Checklist to help find entities present at the facility and or understand who the facility owner is

Example facility object approval scenarios

Facility approval example 1

Facility located at 100 W Main Street, Nowhere, WV, USA. Facility has four ISPs that interconnect in the basement of the building. Three out of the four ISPs have staff with PeeringDB accounts. Building owner has provided a closet for this to occur. Building has no website, the building owner does not know anything about interconnection, and has no plans to market the building as an interconnection location.


ISP operator A files a request to suggest a Facility object to be entered into PeeringDB.

Validation Process

The facility owner is not a PeeringDB user, so the mechanism of the facility owner themselves suggesting the facility cannot be applied. The act of suggesting the facility in the PeeringDB user interface generates a unique URL which ISP Operator A can share with the fellow ISPs. If at least 2 other PeeringDB users attest the facility exists, the Facility object is created and marked as “unclaimed”.

Facility approval example 2

A PeeringDB user noticed the Facility object created (as a result of Example 1), and reports it as “junk”. The object continues to exist, but is added to a review queue for the PeeringDB Admin Committee to help resolve the situation. The Admin Committee’s task is to find positive proof the facility exists and interconnection happens.

Validation Process

The AC committee first contacts the original PeeringDB users that provided attestations the facility exists. (Note: these PeeringDB users themselves might not be present in the facility).

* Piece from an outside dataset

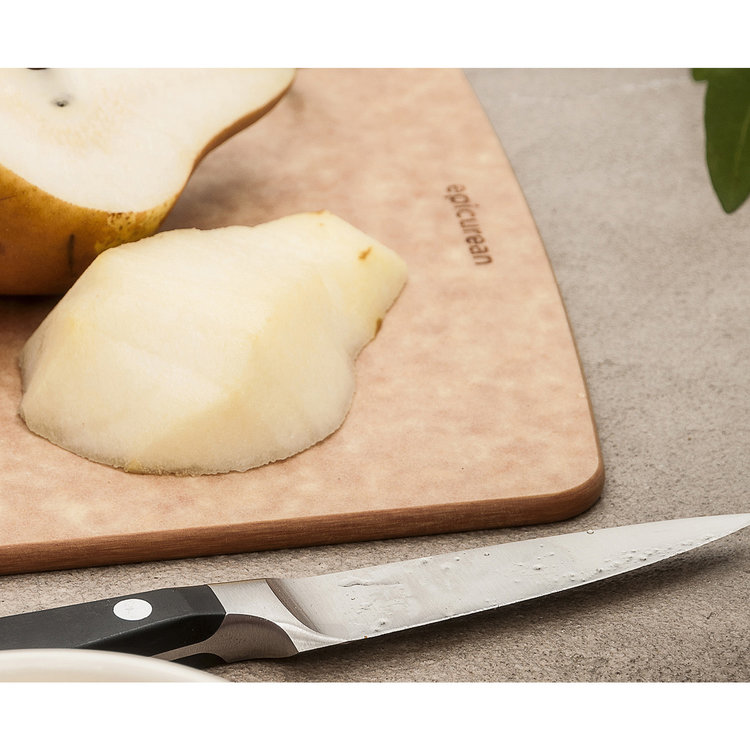 18x13" Epicurean Natural Cutting Board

The AC can request the original attesters to provide a list of ISPs or IXPs they think are present in the facility. The AC can then contact the ISPs and/or IXPs who were suggested to have a presence in the facility and ask them to either attest the facility exists, or to add themselves as ‘present’ in the facility. It is possible these ISPs and/or IXPs are not yet PeeringDB users.

If the AC can’t collect the attestations the facility will be deleted in 90 days.

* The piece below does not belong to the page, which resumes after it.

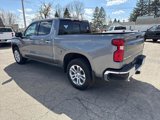 Used 2020 Chevrolet Silverado 1500 LTZ image 6
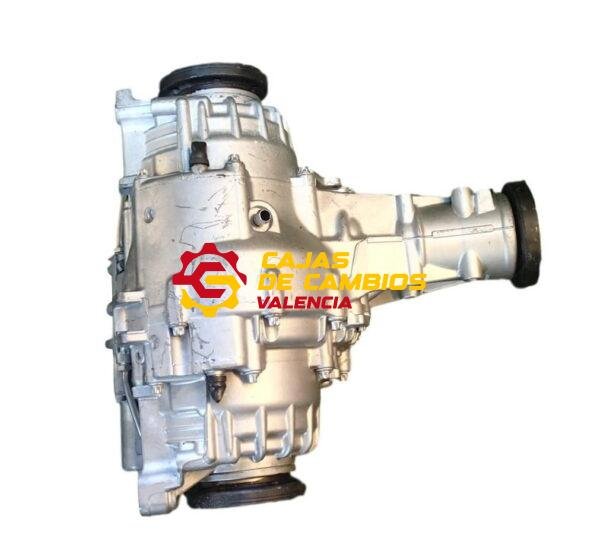 DIFERENCIAL TRASERO AUDI VW 8K0.927.277 8K0927277 CQJ - Imagen 2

Facility approval example 3

A Facility owner is a PeeringDB user and wishes to add its facility to PeeringDB using the “Suggest a Facility” function. The building owner is leasing suites to carriers in the basement of his facility, but primarily focuses on leasing office space. The building has a webpage, but data center/interconnection services are not listed on the webpage. The building owner has provided a list of four carriers who have leased space in the building.

Validation Process

The building owner can add webpage showing that they provide interconnection

The attestation process can be used to demonstrate the building is used for interconnection.

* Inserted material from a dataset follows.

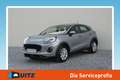 Ford Puma Cool&Connect +Winter+PDC+LED+Klima+DAB Silber - thumbnail 1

Facility approval example 4

An existing facility operator with other facilities listed in PeeringDB submits a new facility that does not yet have any customers.

Validation Process

None - The facility should be immediately added.

After the Facility object has been added, networks and IXPs can indicate their presence.

Exception process

We know that these guidelines will need to be improved and updated as we learn, so we have built in an “exception” process to help with that. Whenever an easy path is not possible, the requester can ask for more review of their registration request.

The first step in this process is to get input from all the volunteers on the Admin Committee. If more eyes are needed, the request can be shared with all of PeeringDB’s Stewards, a group made from the committee chairs and board members. Where a formal decision is needed, the board can vote on a request and make a final decision.


Exception Process


Why must peering LANs be between /27 and /19 (IPv4) and not shorter than /64 (IPv6)?

This limit is intended to reduce the likelihood of a typo that goes undetected and causes operational issues. Where a peering LAN uses a /28 or a /18 (IPv4) the Admin Committee can manually process the prefix after verifying its prefix length is correct.

The technical standards do not allow LANs to have prefixes shorter than a /64, so a /63 would be rejected to avoid causing operational issues to operator equipment that is standards compliant.